What you will do ▸ Output exactly the lines from the one containing "Sony-Ericsson" through the final line of the entries below, both included, and skip the pictures.

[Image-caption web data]
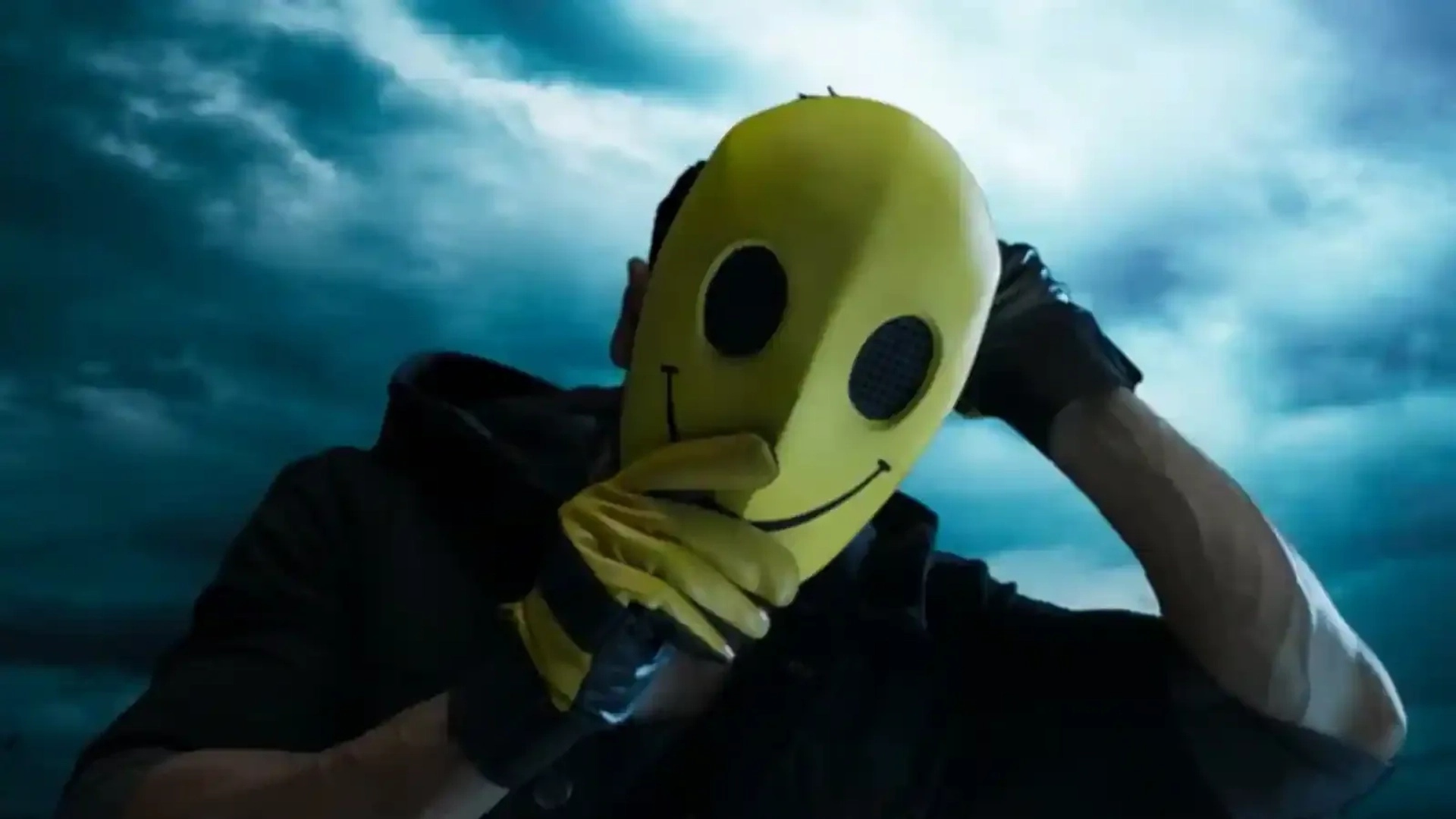 دانلود فیلم بازگشت یک شرور (Ek Villain Returns 2022)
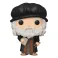 Funko POP Artists - Leonardo da Vinci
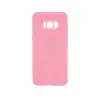 SILKY SOFT TOUCH Maska za telefon za Samsung S8 Plus/G955F svetlo roze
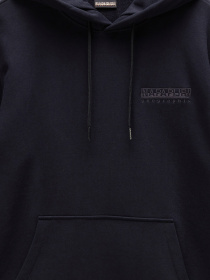 Худи Napapijri B-Kander модель NP0A4I9T0411 Фото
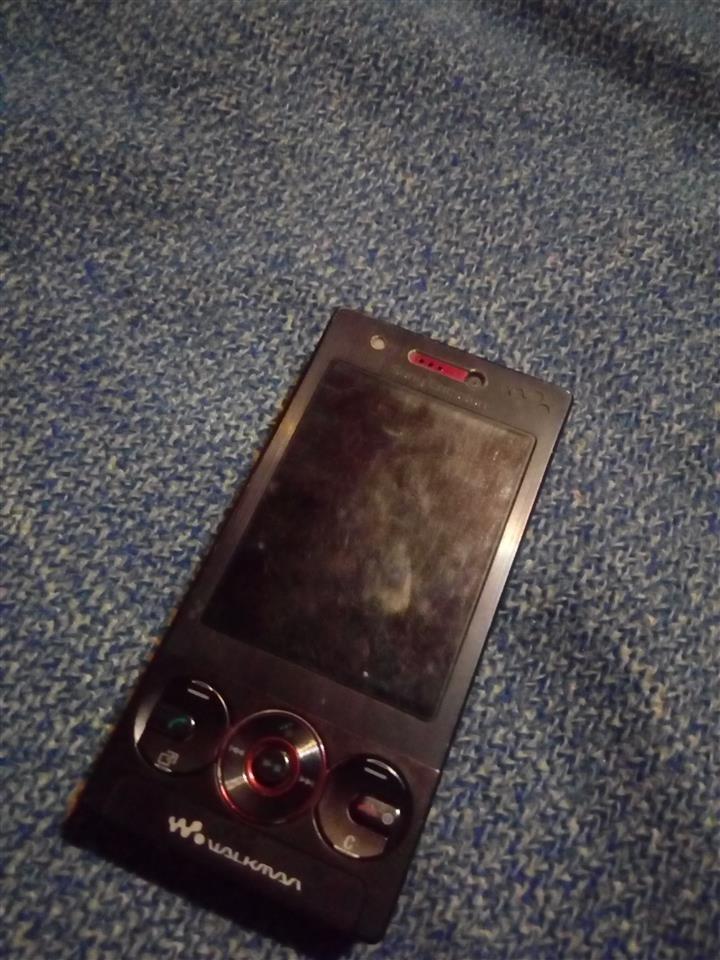 Sony-Ericsson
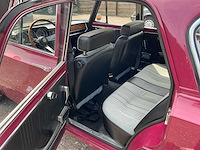 Alfo romeo nuova super 1300 oldtimer 1975 - afbeelding 19 van  40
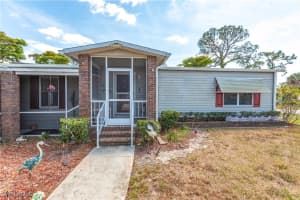10051 Broken Woods Court, North Fort Myers, FL 33903 - MLS#225041892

Response ▸
 Sony-Ericsson
 Alfo romeo nuova super 1300 oldtimer 1975 - afbeelding 19 van  40
10051 Broken Woods Court, North Fort Myers, FL 33903 - MLS#225041892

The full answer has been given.